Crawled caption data
***

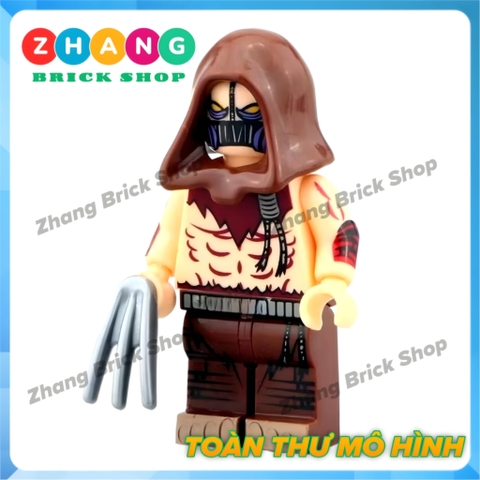 Xếp hình Gotham Thành phố tội phạm Lego Minifigures Xinh X0113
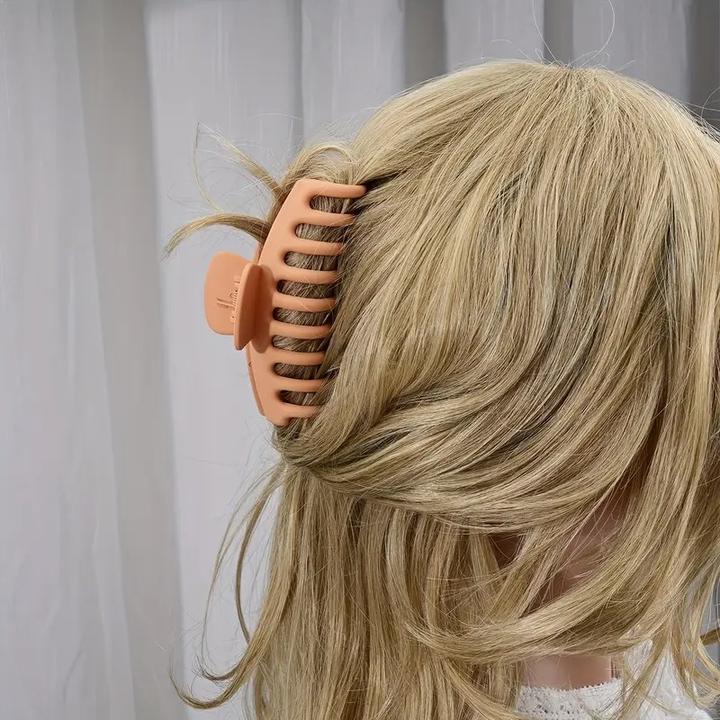 Image du produit JTI Pince à cheveux XL - rose - 5 pcs (5 pcs)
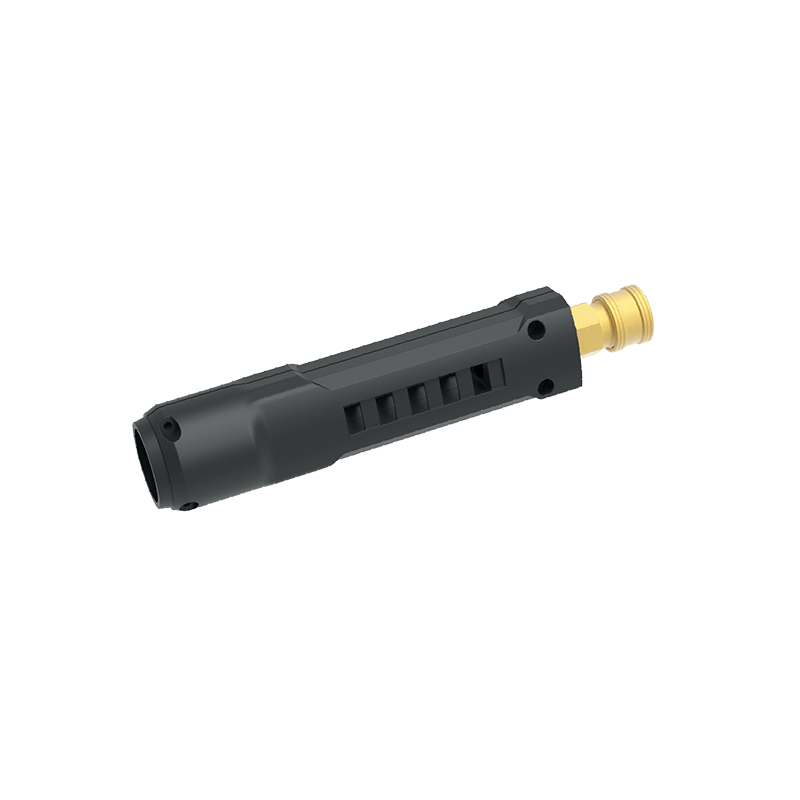 Conjunto de varilla de acero inoxidable de extensión corta
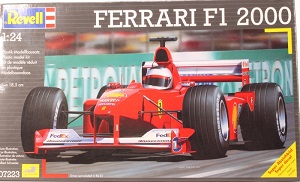 Ferrari F1 2000 Ҵ 1/24 ͧ Revell hez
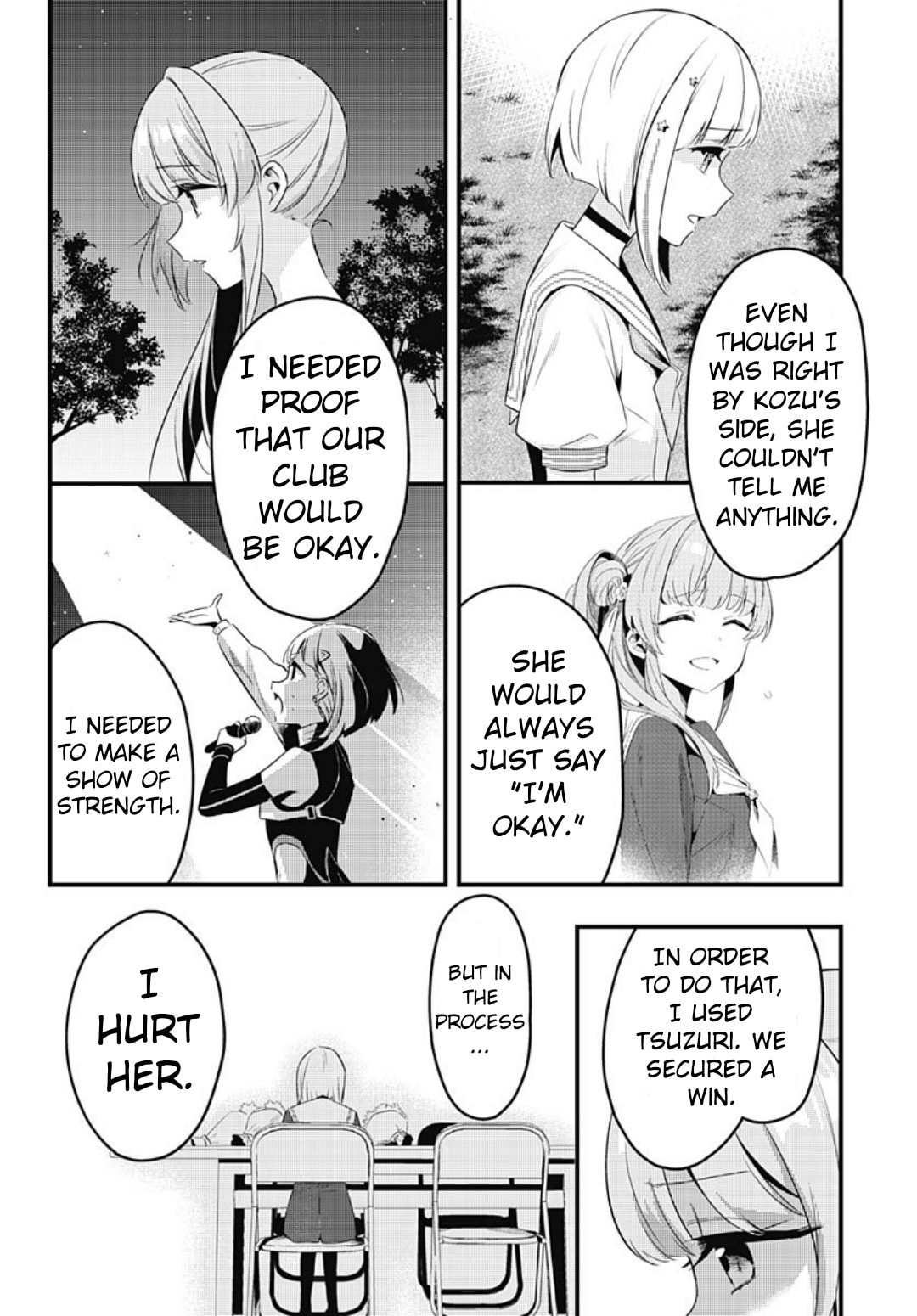 Love Live! flowers* - Hasunosora Jogakuin School Idol Club Chapter 11 page 14 - 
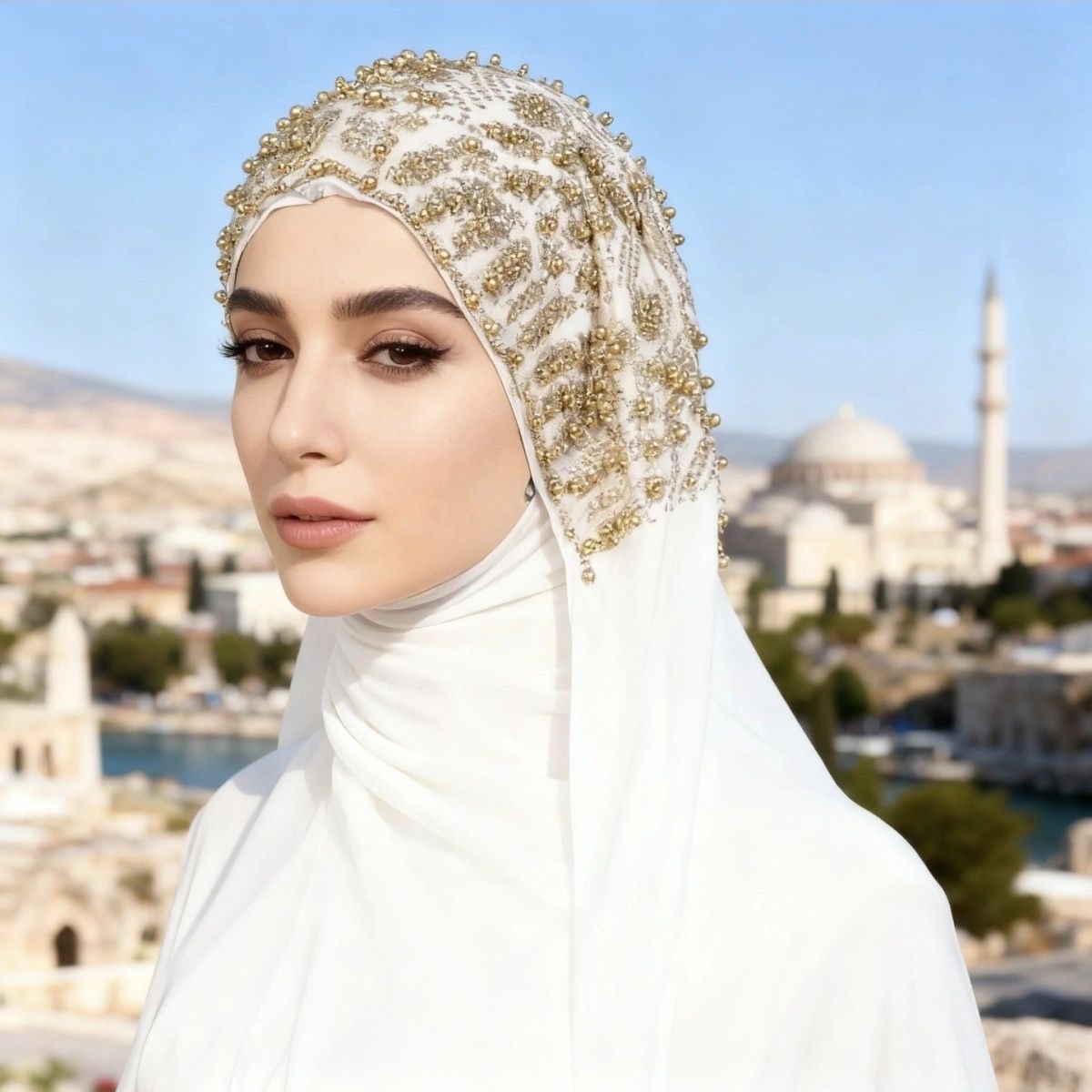 Women Fashion Malaysia - Hijab moslimvrouwen shawl hoofddoek luxe kwastjes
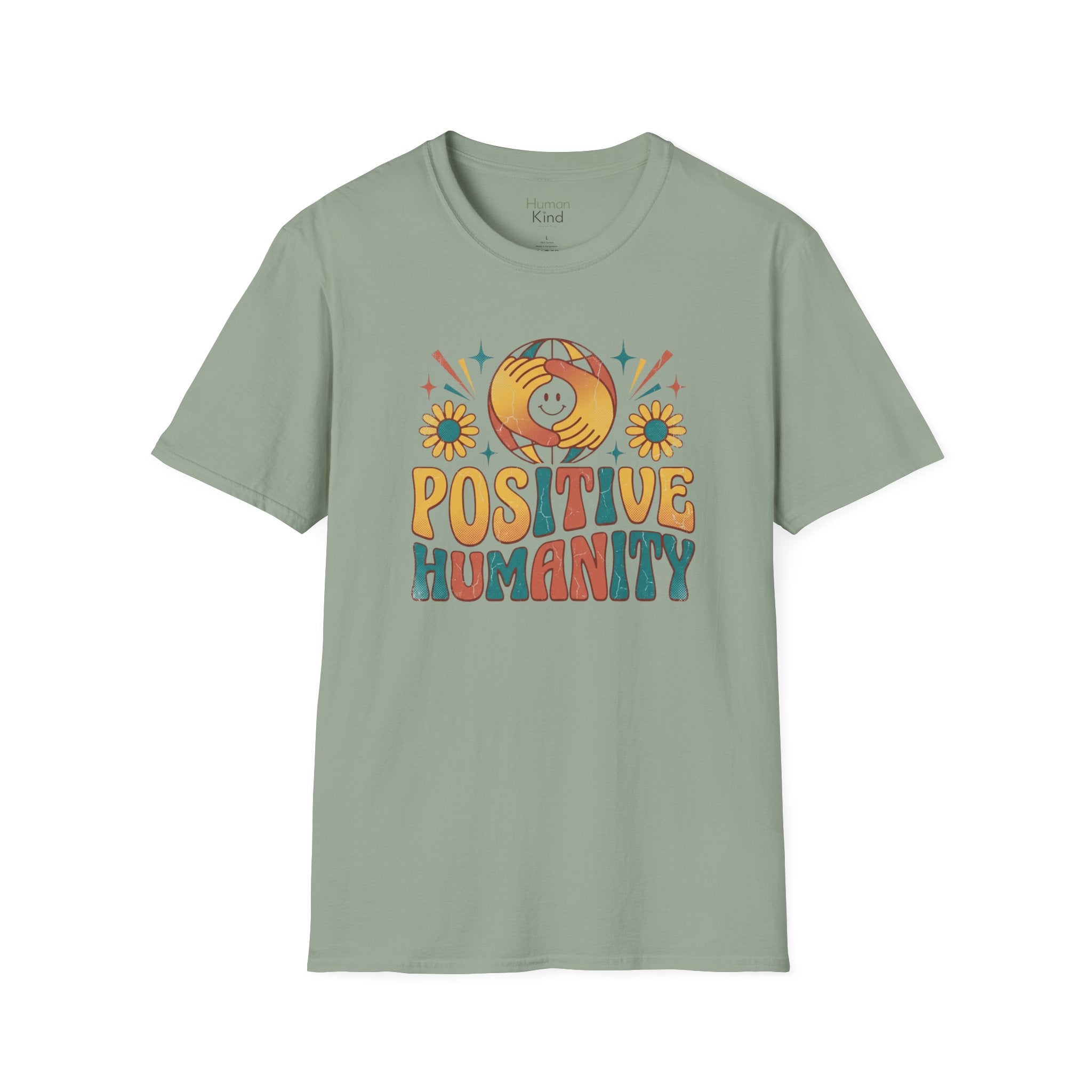 Positive Humanity Retro T-Shirt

***

WORK TO BE COMPLETED: Give the data again exactly as it appears, but without any images.

YOUR SOLUTION:
 Xếp hình Gotham Thành phố tội phạm Lego Minifigures Xinh X0113
 Image du produit JTI Pince à cheveux XL - rose - 5 pcs (5 pcs)
 Conjunto de varilla de acero inoxidable de extensión corta
 Ferrari F1 2000 Ҵ 1/24 ͧ Revell hez
 Love Live! flowers* - Hasunosora Jogakuin School Idol Club Chapter 11 page 14 - 
 Women Fashion Malaysia - Hijab moslimvrouwen shawl hoofddoek luxe kwastjes
 Positive Humanity Retro T-Shirt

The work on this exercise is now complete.